The 411 Top 5 07.04.08: Week 120
Posted by Trevor Snyder on 07.04.2008
The Top 5 All-Time Best Stand-Up Comedians
I'm never opposed to taking requests here at the Top 5, and I couldn't deny the perfect timing of JLAJRC's request in last week's comments section that we spend this week looking at the world of stand-up. With the recent unfortunate passing of comedy king George Carlin, it does in fact seem like a great time to take a look at the career he loved, by offering our takes on:
THE TOP 5 ALL-TIME BEST STAND-UP COMEDIANS
First off, let me freely admit that my list is based purely on what I know, and and have heard. I understand that guys like Bill Hicks, Lenny Bruce, and Richard Pryor almost certainly deserve a spot on this list, but I have not experienced enough of their material to feel honest including them here. So I'll stick with the comedians I have seen a lot of.

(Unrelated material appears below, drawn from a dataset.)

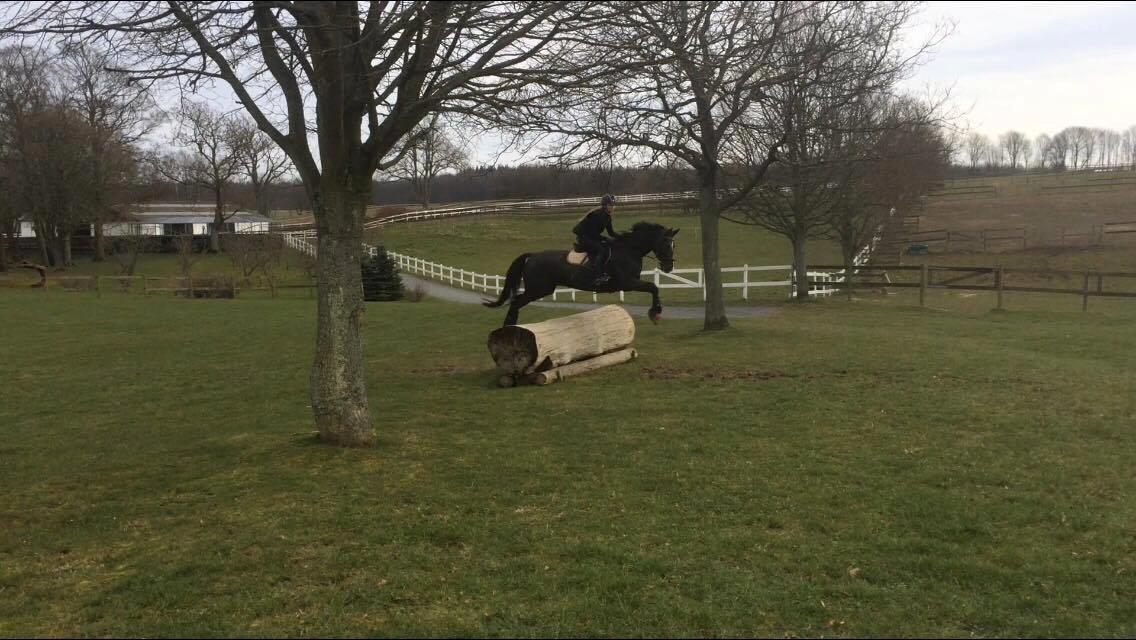 Dansk Varmblod Fascination billede 14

Rodney Dangerfield - You want to know how to take one simple gimmick and make the most of it? Take a look at Dangerfield. His was essentially a one-idea act, and yet he stood on top of the comedy world for years doing it. Perhaps it's because we all have those days where we feel like the whole world is against us, and could therefore see ourselves in his "No Respect" persona. Or perhaps it's because the mannerisms he came up with - the nervous tie-pulling, the bug-eyes - were made to be iconic. Whatever the case, his self-deprecating humor is sure to be some of the most repeated material for years to come.
THE TOP 5
It's almost too bad that, when all is said and done, Ellen will be more remembered for her talk show and the whole "coming out" thing then she will for being the funniest female stand-up ever...which she is. I'm a hge mark for her "tangent" style of comedy, in which she will continue to go further and further off the topic she started on, until finally wrapping it all up and somehow coming back to what she was originally talking about almost 40 minutes ago. Like Seinfeld, Ellen's comedy is based in the same sort of everyday observations that we all have, which makes her material incredibly relatable. But it's her delivery that makes it classic.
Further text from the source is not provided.